- THE TASK: What you return should be each line of the data containing the string "Mercedes".

[Caption-style text data]
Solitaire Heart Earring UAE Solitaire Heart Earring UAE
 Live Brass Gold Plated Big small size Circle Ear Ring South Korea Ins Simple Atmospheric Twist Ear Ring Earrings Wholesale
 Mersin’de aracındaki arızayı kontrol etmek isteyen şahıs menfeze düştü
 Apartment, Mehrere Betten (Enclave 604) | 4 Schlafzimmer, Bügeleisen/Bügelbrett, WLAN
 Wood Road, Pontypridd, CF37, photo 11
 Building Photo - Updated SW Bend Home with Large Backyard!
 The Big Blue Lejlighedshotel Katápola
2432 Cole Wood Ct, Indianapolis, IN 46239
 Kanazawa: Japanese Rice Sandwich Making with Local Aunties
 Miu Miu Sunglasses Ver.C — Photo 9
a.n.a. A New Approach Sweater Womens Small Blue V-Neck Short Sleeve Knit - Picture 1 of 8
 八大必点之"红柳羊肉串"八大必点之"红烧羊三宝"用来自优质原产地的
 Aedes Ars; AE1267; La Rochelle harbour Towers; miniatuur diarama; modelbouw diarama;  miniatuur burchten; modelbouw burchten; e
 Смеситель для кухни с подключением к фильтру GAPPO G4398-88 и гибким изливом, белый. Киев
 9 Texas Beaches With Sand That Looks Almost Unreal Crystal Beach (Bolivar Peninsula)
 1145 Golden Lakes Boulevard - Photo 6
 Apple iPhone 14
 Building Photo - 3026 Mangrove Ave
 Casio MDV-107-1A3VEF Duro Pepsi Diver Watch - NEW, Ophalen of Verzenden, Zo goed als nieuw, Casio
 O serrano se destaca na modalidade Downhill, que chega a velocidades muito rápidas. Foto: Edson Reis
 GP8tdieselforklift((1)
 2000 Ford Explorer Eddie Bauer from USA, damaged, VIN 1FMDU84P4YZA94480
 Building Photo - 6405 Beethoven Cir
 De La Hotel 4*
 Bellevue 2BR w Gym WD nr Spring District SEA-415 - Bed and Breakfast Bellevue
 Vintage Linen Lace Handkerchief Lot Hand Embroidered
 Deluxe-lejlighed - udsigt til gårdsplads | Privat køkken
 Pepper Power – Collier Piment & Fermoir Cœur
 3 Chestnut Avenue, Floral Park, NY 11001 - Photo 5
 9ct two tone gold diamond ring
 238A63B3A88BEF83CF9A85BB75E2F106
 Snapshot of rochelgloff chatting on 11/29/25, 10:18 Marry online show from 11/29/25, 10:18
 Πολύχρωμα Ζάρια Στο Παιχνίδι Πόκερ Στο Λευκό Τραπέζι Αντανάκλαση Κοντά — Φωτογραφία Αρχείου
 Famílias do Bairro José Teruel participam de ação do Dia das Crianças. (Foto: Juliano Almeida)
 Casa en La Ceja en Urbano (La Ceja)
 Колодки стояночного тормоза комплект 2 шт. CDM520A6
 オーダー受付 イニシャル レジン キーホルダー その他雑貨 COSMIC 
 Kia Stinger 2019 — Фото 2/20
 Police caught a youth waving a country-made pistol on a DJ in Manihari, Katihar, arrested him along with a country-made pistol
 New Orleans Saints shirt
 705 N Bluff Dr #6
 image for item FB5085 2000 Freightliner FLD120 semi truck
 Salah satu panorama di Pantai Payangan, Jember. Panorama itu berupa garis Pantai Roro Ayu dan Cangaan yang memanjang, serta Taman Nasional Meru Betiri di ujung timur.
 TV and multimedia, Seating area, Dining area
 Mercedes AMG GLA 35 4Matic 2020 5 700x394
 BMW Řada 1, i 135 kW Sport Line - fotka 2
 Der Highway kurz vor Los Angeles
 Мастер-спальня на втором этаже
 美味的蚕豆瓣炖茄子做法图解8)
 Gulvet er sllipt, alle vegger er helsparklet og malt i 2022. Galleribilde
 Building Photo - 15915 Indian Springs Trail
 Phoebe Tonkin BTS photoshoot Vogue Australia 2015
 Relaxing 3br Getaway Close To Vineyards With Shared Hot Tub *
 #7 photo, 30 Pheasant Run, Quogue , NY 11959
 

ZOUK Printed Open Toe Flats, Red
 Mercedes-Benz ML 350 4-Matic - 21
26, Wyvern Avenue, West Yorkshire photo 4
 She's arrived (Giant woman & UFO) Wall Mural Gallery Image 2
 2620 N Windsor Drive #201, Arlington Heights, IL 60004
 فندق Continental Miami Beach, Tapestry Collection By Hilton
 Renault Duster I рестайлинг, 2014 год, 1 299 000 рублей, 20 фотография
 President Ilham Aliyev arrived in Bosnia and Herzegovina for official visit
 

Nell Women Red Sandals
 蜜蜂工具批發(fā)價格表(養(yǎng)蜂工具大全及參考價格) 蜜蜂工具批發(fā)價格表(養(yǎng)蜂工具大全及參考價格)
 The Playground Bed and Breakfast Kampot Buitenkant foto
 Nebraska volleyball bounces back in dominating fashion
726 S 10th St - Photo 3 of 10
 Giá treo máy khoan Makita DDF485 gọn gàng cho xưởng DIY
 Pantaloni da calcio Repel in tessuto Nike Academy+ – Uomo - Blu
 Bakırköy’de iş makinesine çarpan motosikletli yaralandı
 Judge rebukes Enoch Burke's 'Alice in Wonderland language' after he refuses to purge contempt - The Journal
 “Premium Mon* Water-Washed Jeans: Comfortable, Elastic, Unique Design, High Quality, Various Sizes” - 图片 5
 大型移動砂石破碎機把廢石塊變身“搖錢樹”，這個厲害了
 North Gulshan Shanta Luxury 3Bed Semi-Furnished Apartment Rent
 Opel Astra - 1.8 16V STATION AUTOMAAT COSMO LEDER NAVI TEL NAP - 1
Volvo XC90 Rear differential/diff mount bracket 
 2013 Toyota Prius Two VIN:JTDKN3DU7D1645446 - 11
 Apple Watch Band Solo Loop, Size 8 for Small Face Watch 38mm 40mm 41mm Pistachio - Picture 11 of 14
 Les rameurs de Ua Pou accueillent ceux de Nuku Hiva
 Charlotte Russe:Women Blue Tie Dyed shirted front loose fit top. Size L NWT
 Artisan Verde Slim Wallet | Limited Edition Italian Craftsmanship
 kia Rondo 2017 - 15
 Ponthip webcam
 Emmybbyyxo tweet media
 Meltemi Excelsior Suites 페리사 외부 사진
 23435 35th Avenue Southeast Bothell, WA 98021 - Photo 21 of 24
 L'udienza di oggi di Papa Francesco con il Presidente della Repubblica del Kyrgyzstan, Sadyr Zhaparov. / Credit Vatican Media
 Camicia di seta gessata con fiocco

- TASK ANSWER:
 Mercedes AMG GLA 35 4Matic 2020 5 700x394
 Mercedes-Benz ML 350 4-Matic - 21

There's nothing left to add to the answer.